No, Iran’s intent – clearly at the behest of Ayatollah Ali Khamanei (to whom the Revolutionary Guard reports, not Amahdinejad as reported by right-wing media) – was to evangelize to the Arab street. It was a brilliant showpiece, part of the set that has included its support of Hezbollah and Iraqi militias as well as its reconstruction and outreach efforts in Palestine and Lebanon. This was meant to evangelize the Iranian position to other Arabs. The British reaction smacked of colonialism, which, it is abundantly clear, still lingers in many Arabs’ minds. More importantly, Iran’s visual component – said broadcasts – were intended to contrast with the Arab street's outrage over the Coalition treatment of Iraqi and other Arab prisoners at Abu Ghraib and the gulag archipelago of secret prisons throughout the world.

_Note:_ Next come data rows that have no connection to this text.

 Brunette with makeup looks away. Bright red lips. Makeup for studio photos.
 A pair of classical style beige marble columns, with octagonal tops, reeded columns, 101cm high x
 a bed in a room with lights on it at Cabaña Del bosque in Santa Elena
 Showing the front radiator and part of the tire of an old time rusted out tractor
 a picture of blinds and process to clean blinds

Far from seeking mindless belligerence in the furtherance of millennial Shi’ism’s invocation of the 12th Imam, Khamanei sought to portray Iran as the very paragon of Arab decency in direct contrast to the barbarity of the crusading invaders who stand in the way of Iranian regional hegemony. Khamanei, while a theocrat, is also a ruthlessly brilliant evangelical for Iranian primacy: The West’s allies in the region are notoriously afraid of their common man, hinging as they do on nepotist oligarchies. Iran’s appeal was not to the leaders, but to the street, where its power grows.

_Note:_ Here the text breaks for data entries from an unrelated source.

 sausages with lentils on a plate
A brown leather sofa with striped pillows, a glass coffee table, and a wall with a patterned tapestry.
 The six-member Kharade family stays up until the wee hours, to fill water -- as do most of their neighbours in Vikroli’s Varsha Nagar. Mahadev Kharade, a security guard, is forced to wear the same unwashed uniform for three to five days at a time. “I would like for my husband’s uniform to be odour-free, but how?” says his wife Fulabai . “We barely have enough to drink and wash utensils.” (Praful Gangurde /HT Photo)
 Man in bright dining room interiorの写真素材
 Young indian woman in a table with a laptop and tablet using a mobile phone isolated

This is a subtle, brilliant piece of political kabuki, one that Americans in particular seem ill-prepared to grasp (I myself only danced around the possibility and did not grasp its full implications). In addition to contrasting Iranian behavior in a favorable light – with the magnanimous return of unharmed, well-fed prisoners as a “humanitarian gesture” – the Arab street cannot fail to grasp a further demonstration of American hypocrisy. After all, the average Arab still lives under an elitist system of one form or another, with weak parliaments subservient to all-powerful executives when a nod to modern democracy is even made. American neoconservatives, citing the transformative nature of their noble mission to spread democracy, still allows its allies to persist in suppressing modern representative democracy (and indeed, cannot seem to make it work in a country it occupies and – to the average Arab watcher – brutalizes).

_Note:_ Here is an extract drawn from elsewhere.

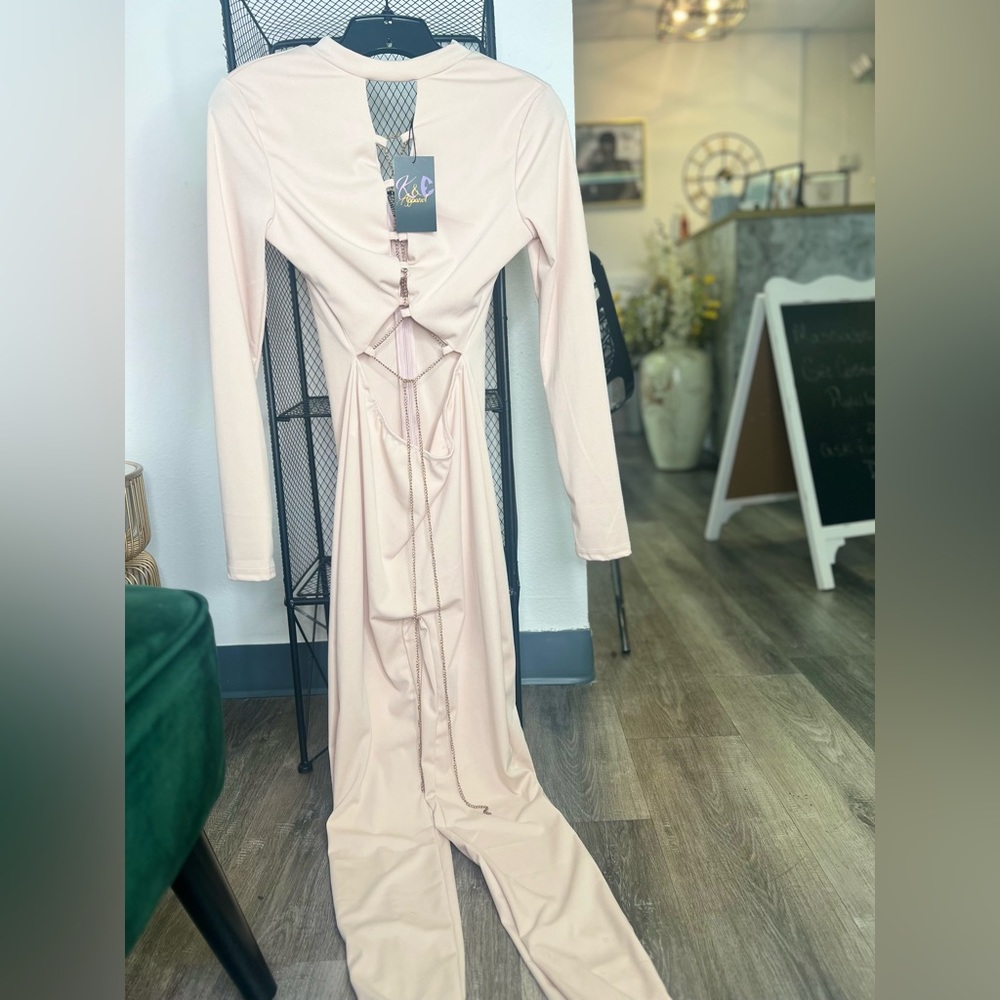 Jumpsuit w/chain laced openings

Iran, meanwhile, under the banner of Shia Islam, offers a genuinely – if theocratic – transformative option that is both familiar to the street and temptingly terrifying to their rulers. This incident has emerged as a win-win for Iran: Either many a common Arab continues to be swayed towards revolution, or their leaders, terrified of that revolution, act to appease the revolution’s fomenters in Tehran.

There was no solution conducive to a Western “victory” in this case. Any belligerent response would have simply demonstrated, in stark contrast to Iran’s public treatment of the captives, the barbaric and hypocritical nature of the West (American soldiers have been seizing Iranian officials in Iraq and holding them incommunicado for months now). Instead, the neoconservative desire to always appear strong, to view communication as appeasement and treason, and their concomitant pre-conceived notion of Iran’s belligerent irrationality, prevented any other outcome.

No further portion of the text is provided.